▸ **PROVIDED INFORMATION**
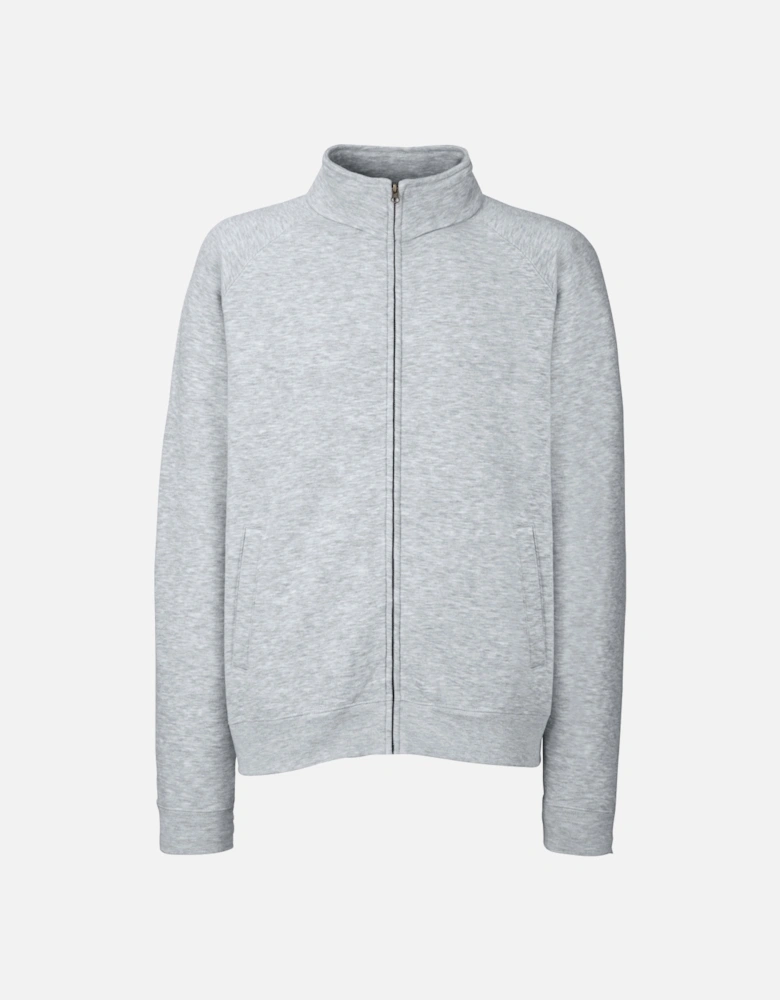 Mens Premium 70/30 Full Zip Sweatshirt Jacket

* * *

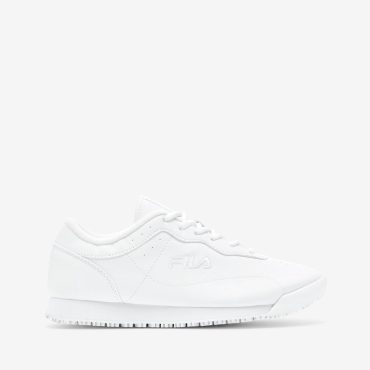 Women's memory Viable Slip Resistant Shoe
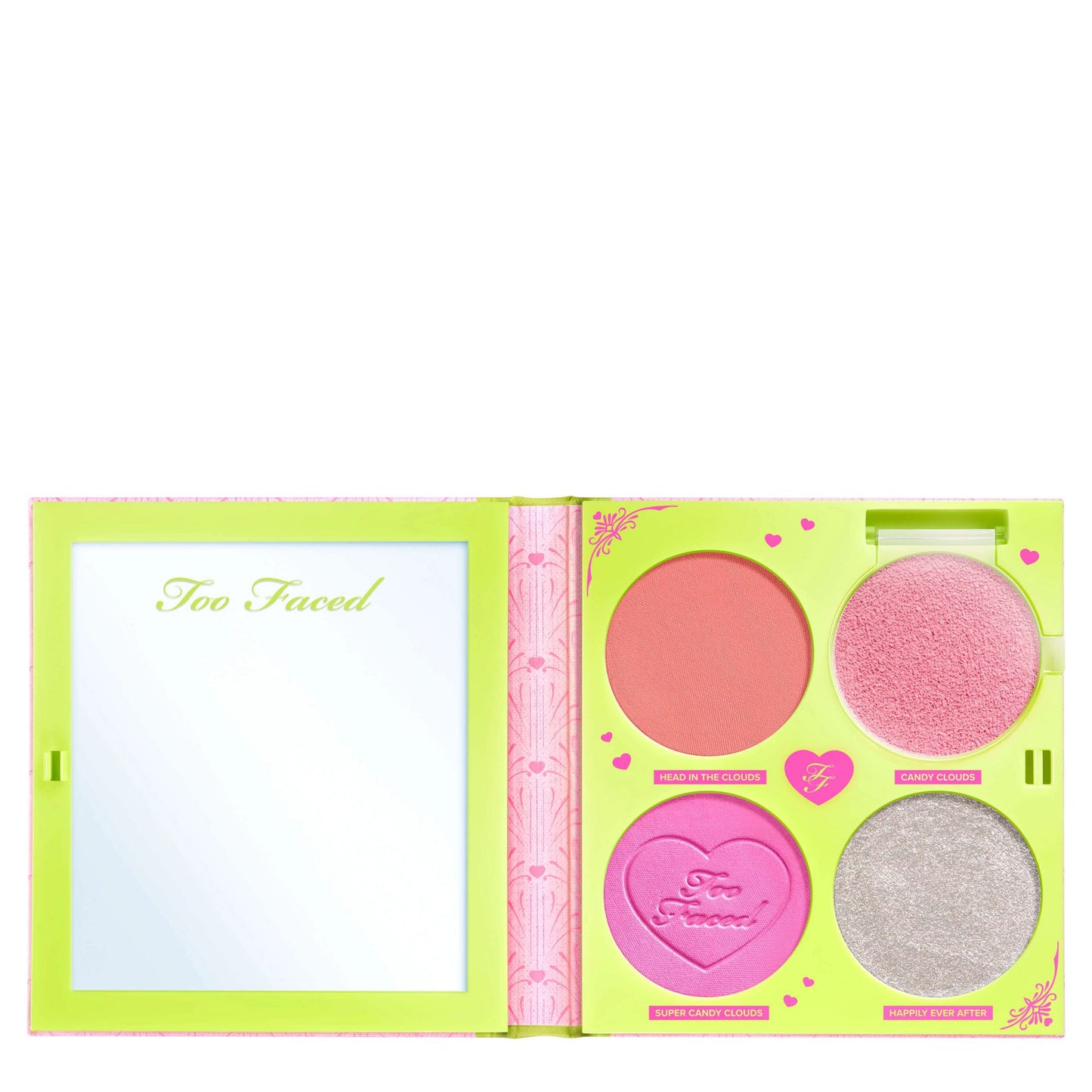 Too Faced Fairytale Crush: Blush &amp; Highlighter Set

▸ **PROBLEM REQUIREMENTS**
Only one stretch of the listing above is to be duplicated: the lines from the one containing "Women's memory Viable Slip Resistant Shoe" through the one containing "Too Faced Fairytale", both included. Copy them exactly, minus the pictures.

▸ **PROBLEM SOLUTION**
 Women's memory Viable Slip Resistant Shoe
 Too Faced Fairytale Crush: Blush &amp; Highlighter Set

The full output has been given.